Other Mineral Deposits
Besides gold, Oregon has promising deposits of cement, copper and soda, all of which are now in a fair way for successful development. The cement deposits of Baker county have been taken up by practical manufacturers of cement, and active work to develop the deposits over a large scale is now organized. Of the copper deposits in Baker and Josephine Counties regular shipments of ore or matte has been going on for some time. And of the deposits of soda in Lake County, the state has leased the Summer Lake deposit to a California Company, while the Oregon Borax Company is now at work to develop the deposits in Alkali Lake in the same County.
There are many Salt Springs in the State but they have never been utilized on a commercial basis.

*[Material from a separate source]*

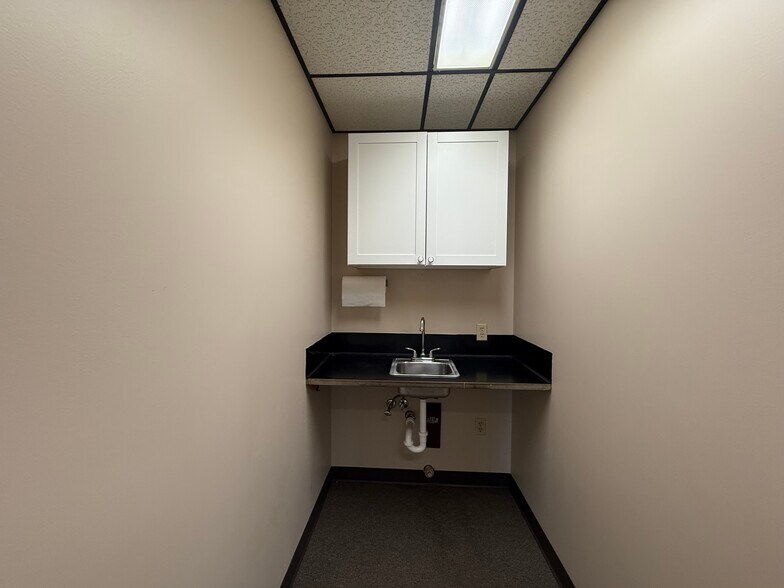 More Photos Of 51 N America Dr, West Seneca Office For Lease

The discovery of paying mines has been a powerful factor in the settlement and upbuilding of the state. In the first place it settled the Indian question in both Southern and Eastern Oregon. The gold miners were a very positive lot of people. All they asked was to be let alone to dig gold; and when the Indians would not agree to that proposition the tug of war came. Either the gold miners must go, or the Indian must go - and it was the Indian that had to go. In the second place the mines furnished a reliable currency on which to do business, and plenty of it; and that started the wheels of commerce, built the steamboats on the Columbia, gave Oregon's chief city its first substantial and enduring start as the commerical metropolis of the Columbia river valley. In the third place, the mines gave many a hard pressed farmer the means to pay off his debts and to build a comfortable home and improve his farm. In the fourth place it gave a start to the towns in the mining regions, like Jacksonville, Baker, La Grande and The Dalles. All these towns, and many others, got their start on gold miners' gold, and they have been powerful agents in organizing society, building school houses, churches, highways and all the means of improving the country and inviting settlements. The gold miners gold was a positive and enduring benefit and blessing to the State. Therefore, comfort, and good health to the hardy old prospector and miner; and mayhis days be long in the land that his courage and toil reclaimed from barbarism and delivered over to civilization.